### INFORMATION SHOWN
/---

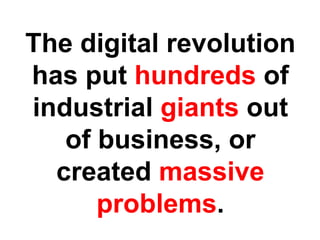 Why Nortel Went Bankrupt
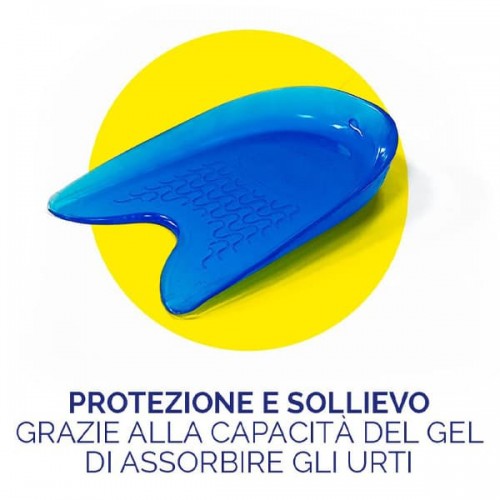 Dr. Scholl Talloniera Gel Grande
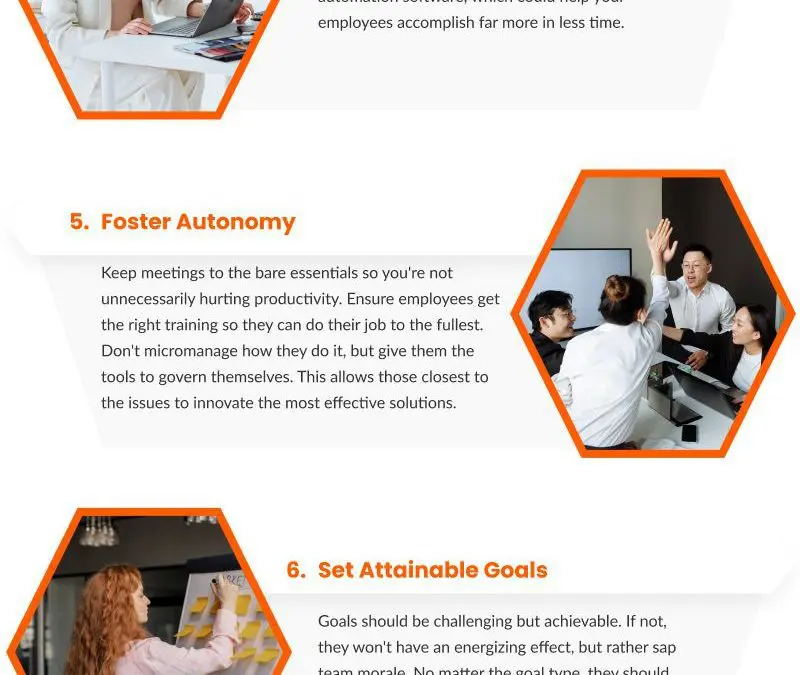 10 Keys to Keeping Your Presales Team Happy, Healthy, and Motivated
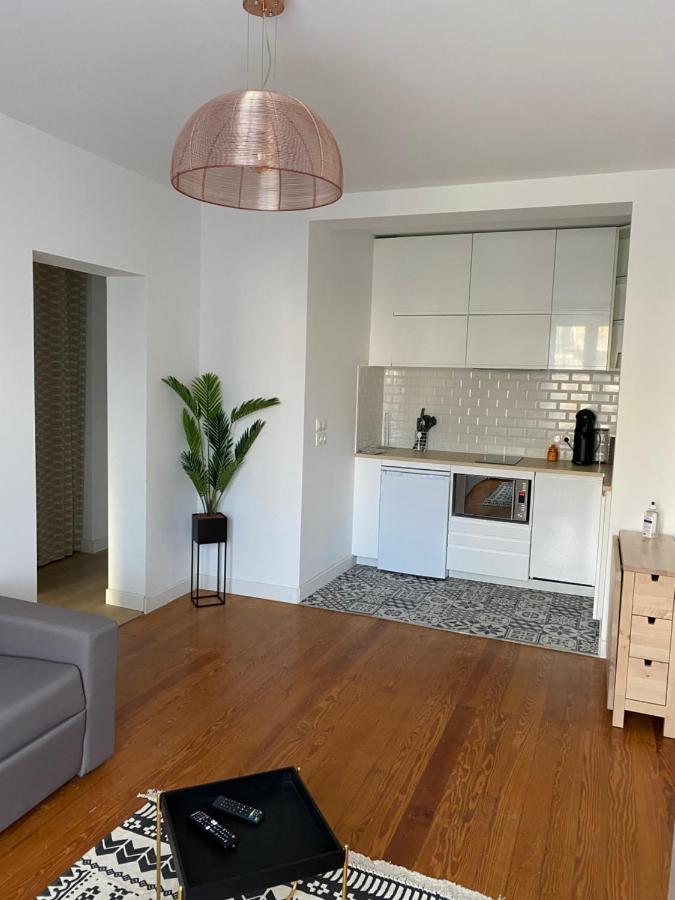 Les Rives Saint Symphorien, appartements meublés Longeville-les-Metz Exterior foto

\---

Could you transcribe exactly the lines running from the one with "Dr. Scholl Talloniera Gel Grande" to the final line of the material above, both included, with no pictures?

 Dr. Scholl Talloniera Gel Grande
 10 Keys to Keeping Your Presales Team Happy, Healthy, and Motivated
 Les Rives Saint Symphorien, appartements meublés Longeville-les-Metz Exterior foto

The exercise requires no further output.